Godono invece di ottima salute i magazine indipendenti che, oggi più che mai, vivono una nuova primavera, sfuggendo all’opinione comune che vuole l’editoria prossima alla morte. I primi sostenitori di queste pubblicazioni di nicchia, anzi, sono proprio i brand del lusso, sempre più interessati a un posizionamento meno mainstream e più su misura, che risulta più efficace rispetto alle vecchie inserzioni pubblicitarie su larga scala.
Nel 2019, The Business of Fashion spiegava come sebbene le riviste indipendenti non possano contare su altissime tirature, il loro valore aggiunto sta nella capacità di creare un prodotto curato nei minimi dettagli, attraverso precise scelte in termini di contenuti, ma anche di font, formati e materiali di stampa. Questa cura contribuisce a creare un pubblico di lettori (e inserzionisti) fedele e consapevole, che sceglie di investire in una specifica pubblicazione perché apprezza e condivide la linea editoriale di chi ci ha lavorato. In un’era sempre più votata alla digitalizzazione, le testate di nicchia sono riuscite a mantenere uno status di autorialità e prestigio proprio grazie alla cura dei dettagli e alla maggiore libertà creativa che possono concedersi, e che consente di attrarre stilisti, fotografi, scrittori brand spesso emergenti e, forse proprio per questo, ancor più interessanti all’occhio del pubblico, soprattutto quello di addetti ai lavori e appassionati.

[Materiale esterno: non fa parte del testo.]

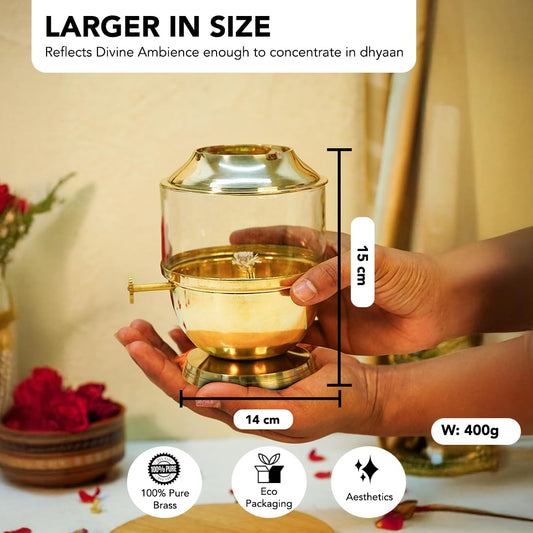 100% Pure Brass Akhand Jyot Diya with Adjustable Bati Knob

Nel suo articolo, Frabotta cita alcune riviste di moda indipendenti che, negli ultimi anni, si sono distinte proprio per la scelta audace di temi, design e formati. Tra queste c’è anche BRILLO, rivista di illustrazione, che ha dedicato l’ultimo numero proprio allo strettissimo rapporto che da sempre lega fashion ed editoria. La fondatrice della rivista, Patrizia de Nardi, ha infatti spiegato la volontà di omaggiare un mondo sfaccettato e stimolante come quello della moda, attraverso un amarcord di momenti apicali, con un particolare focus sul ruolo giocato dall’illustrazione.